The iPad Plus is on the way.

Richard Kyle also supplied us with his theory on comics titled “The Graphic Narrative.”

Comic History Secrets Revealed!

I’ve been going to comic book conventions since 2003 and have been audio recording panels and awards since 2005. Along the way creators have spoken about some behind the scenes happenings that don’t always become public knowledge.

DC Bloodlines Logo

Marvel Superstar!

 

On the Comics Can Be Good column at CBR, Brian Cronin writes about the 1993 DC Bloodlines Annuals. In these annuals a new superhero character was created, which was a selling point to get fans to buy these books. The vast majority of these characters were not very popular and went into comic book limbo almost immediately after their appearance. The same thing happened with the 1993 Marvel Annuals that had new characters in them too.

 

 

 

 

 

Creator Mike Grell wrote the Green Arrow Annual #6 and came up with a character called The Hook. Grell was at the 2008 Toronto Hobbystar ComiCON and was on a panel along with Bob Layton and David Michelinie. It was called The Men of Iron / Sketch Off Panel where Layton and Grell did sketches and all 3 talked about their careers, focusing mainly on their time on Iron Man. The panel was moderated by Blake Bell.

The conversation drifted towards working with editors and around the 37:30 mark, David Michelinie spoke about declining to work on the Marvel annual (he was writing Amazing Spider-Man at the time). Mike Grell spoke about working on the Green Arrow Annual #6.

Michelinie: I remember one year in the annuals. (…) One year they had everybody create a new character which Marvel would then own. So I declined to do the annual that year. You always have a choice. You can always say no.

 

Grell: DC had that policy. There was a line of books that they did. They mandated that everybody had to create a new character and by the way, it was work for hire and DC owned the character. Being a professional prostitute [laughter from the panel] I did, but I accidentally created a good one. I had already sent in the outline for the story as soon as it went in I went “OH CRAP! THAT’S A GOOD CHARACTER!” [Laughter] I got on the phone with the editor and I unsold it. [Lots of Laughter] The character that I created, I convinced them it wasn’t very good. The character I created, the one that showed up in print was this war veteran who had a prosthetic hand or a prosthesis and when he would active his power, his hook would become this giant hook/claw thing that could cut through anything. By the time I’m done the editor was going “Yeah that’s great! That’s great!” *Whew!* that was close.

GreenArrowAnn-06-47

The Hook from Green Arrow Annual #6 – created by Mike Grell and Mike Collins.  © DC Comics

 

Marvel and DC likely did this because of Image Comics. They began publishing in 1992 and very quickly became the #3 publisher in the industry. Image was creating lots of new characters that had fans excited. Marvel and DC likely wanted to counter with their own “exciting” new characters but didn’t want to pay creators for them. So they got what they got. I should say that not all characters to come from this were a bust. Garth Ennis and John McCrea created Hitman, who had a well loved solo series.

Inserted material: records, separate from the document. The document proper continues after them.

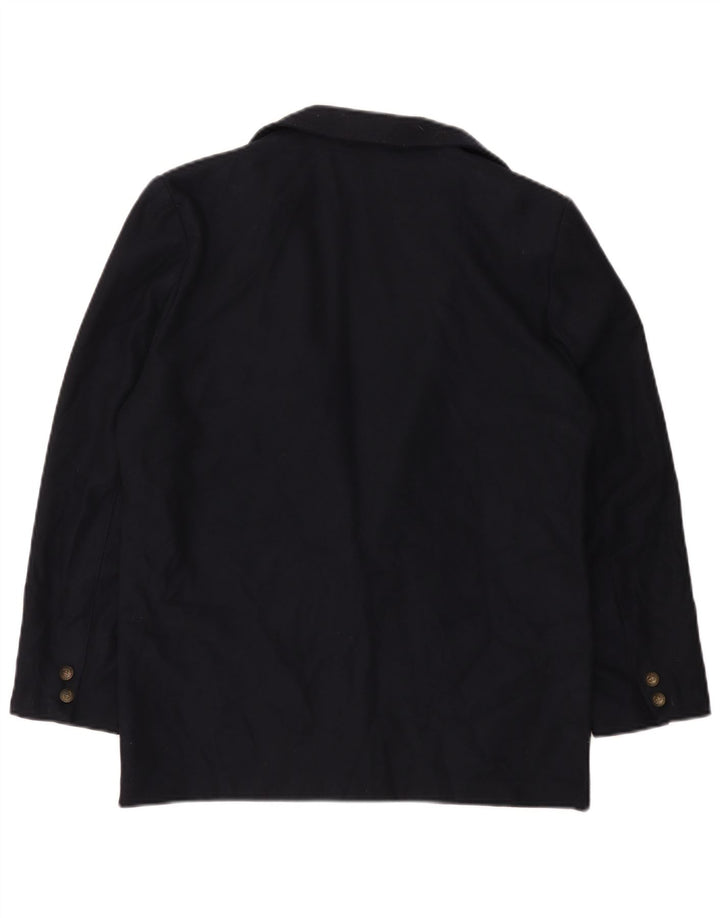 Giacca blazer da donna a 1 bottone Marina Yachting IT 42 media in lana blu navy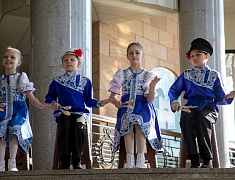 Благотворительный концерт, посвященный воссоединению Крыма с Российской Федерацией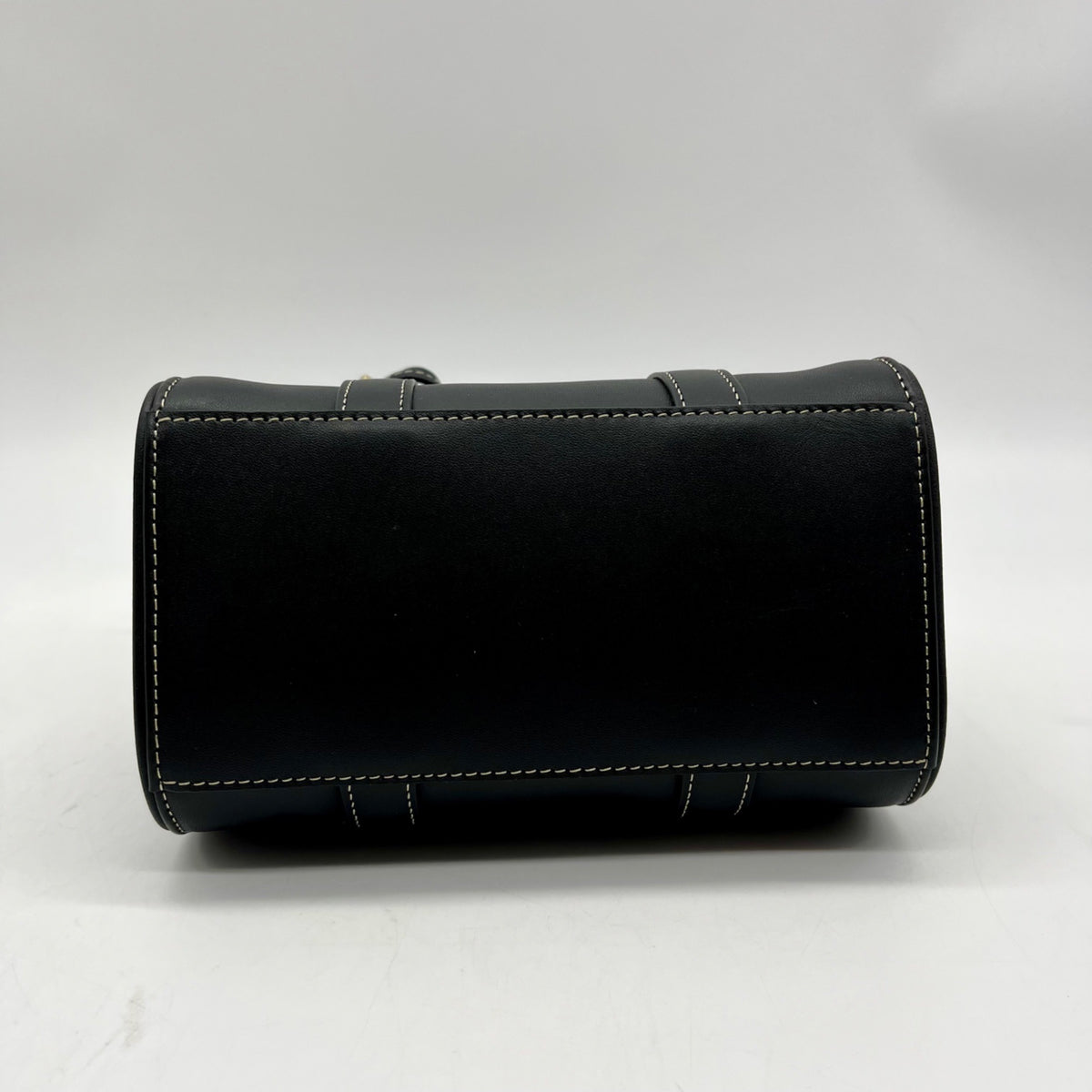 Radley London Black Leather Mini Satchel Bag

I can’t speak for all creators, but I think with a lot of creators would really hate to have created a character and have it earn all sorts of money and none (or very little) of it going to them. It bothers them a lot and it can bother them for the rest of their lives. Much like if somebody broke into your house and stole your prized possession and then flaunted it in front of you at every chance they got for the rest of your life and you can’t do anything about it. The pain is such they’d rather not have created the character at all.

Plus there is always the possibility that they might use the character in a situation where it’s much more agreeable to them. It could be with another publisher or even the same publisher with different editorial policy down the line. Some creators work in other mediums like prose books, cartoons, video games, etc.. and those other fields may provide better deals. There is simply no reason for creators to provide good characters to non paying publishers if they think they’re going to regret the decision.